Plat of Woodstock, 1877. Note the road along the eastern border. This is not the present day Woodstock Road; in fact, this road no longer exists. The present day Woodstock Road is not depicted on this plat, which means it was probably constructed after 1877.


The first mention of the right-of-way that we now refer to as Woodstock Road occurs in the deed of sale between Samuel Kimberly and Pheby Richards in 1878. Mrs. Richards purchased a 65 acre riverfront plot from Kimberly; from present-day Walker Road north to the river, and from I-64 west to the creek. Her land was separated from the main road (Providence Road) by the rest of Kimberly's land to the southeast and the Whitehurst farm to the southwest. The construction of a new road between these two properties would be necessary to allow Mrs. Richards access to her purchase. The deed of sale grants "the said Kimberly ... the right of use of the road or lane running through the land of said Pheby D. Richards to the creek or river, and the said Samuel Kimberly agrees that the said P. D. Richards shall have the right of way to the main road 40 feet wide." (Princess Anne County deed book 54 page 227). A survey plat of Woodstock from 1877 does show a lane from the river to the main road, but it runs along the eastern border of Woodstock, not through Pheby Richards land; and so therefore cannot be the road spoken of here. In fact, Woodstock Road began in 1878 as Pheby Richard's driveway.

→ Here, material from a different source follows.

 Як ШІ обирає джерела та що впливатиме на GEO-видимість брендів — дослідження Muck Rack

Plat of Woodstock Farm, 1914. This map runs north/south along the horizontal axis. Note how the road bends to the east shortly after entering the Chinn property.


Our next exhibit is a survey plat of Woodstock Farm from 1914 (Princess Anne County map book 8, page 76). The former Richards property is now under the ownership of young Cynthia Chinn, who has taken her neighbor to court for logging on her land. The 1914 plat which was entered as evidence in Cynthia Chinn v. Gimbert Brothers et. al., is both remarkably detailed and poorly preserved; but for our purposes it is legible where it needs to be. The plat shows the road that connects Woodstock Farm to the main road; but it is interesting to note that the road takes a noticeable eastward bend once it enters the farm, reaching the river closer to where Sterling Road does today.

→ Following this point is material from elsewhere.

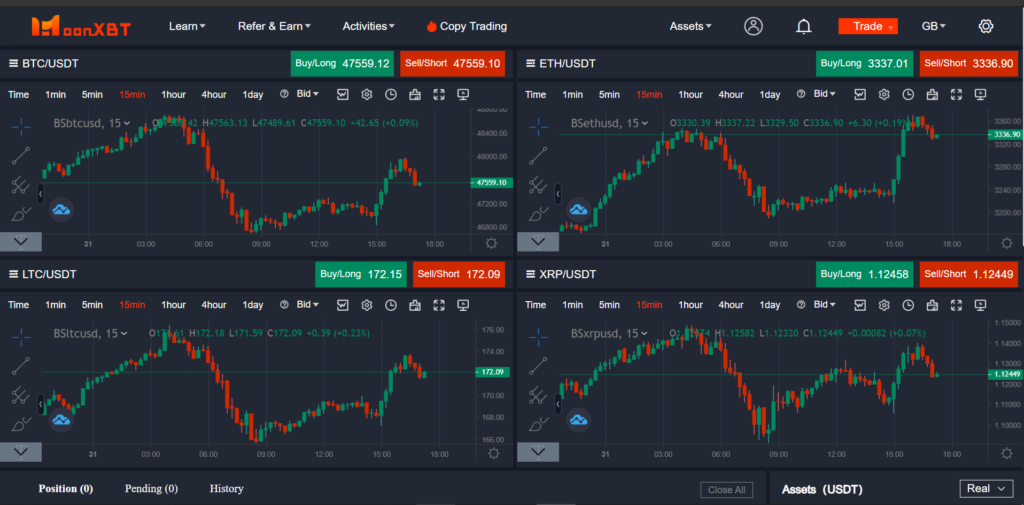 Moonxbt Multi-Chart Trading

In 1922, Woodstock Farm was purchased by John A. Anderson, who subdivided the property and sold the western 20+ acres to James Howe. A road provides an easy boundary for such purposes: but at this time the road probably still took an eastwardly bend, which would not have provided the boundary he was looking for. Anderson moved the road so that it continued in a straight line to the river, and then sold the land west of the road to Howe. In 1924 Anderson dedicated this new section of road for public use:

...a strip of land 40 feet wide, as would lie between the eastern and western sides of a certain road to the east of said W. Davis' land and marked on said plat "road," if prolonged or extended in the same straight line from the southern boundary of the property above described to the Eastern Branch of the Elizabeth River; which said strip of land 40 feet wide and extending from the southern to the northern boundary, of the said tract of land, the said grantors do nearby dedicate to the public, to and for their use as a public road. (Princess Anne County Deed Book 121, page 279; Emphasis added)

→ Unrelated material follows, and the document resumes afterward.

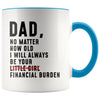 Dad Gifts Dad I Will Always Be Your Financial Burden Father’s Day Birthday Christmas Dad Gift Idea Coffee Mug $14.99 | Blue Drinkware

In 1940, Jesse Parkerson purchased the 150 acres of timberland to the east and south of Woodstock Farm, and subdivided it into multiple 4 and 8 acre lots along Woodstock and Providence Roads. Possibly anticipating the increased traffic, and possibly bending to the petitions of Annie Harrison, Princess Anne County purchased the road from each of the property owners along the right of way (Princess Anne County Deed Book 202, page 505) and then a short time later designated it Route 703, Woodstock Road.

Today, a drive along Woodstock Road gives one a vague sense of a rural past -- maybe because the road is a little narrower than it should be; maybe it's the lack of curbs along the eastern edge; maybe it's the utility poles. We do know this for sure: Woodstock developed gradually over more than a century, from Pheby Richards secluded 19th century farm house to the nearly 250 homes that exist today. As you take your next drive down Woodstock Road, remember that you're driving along the same ground Pheby Richards horse-drawn carriage did more than 130 years ago.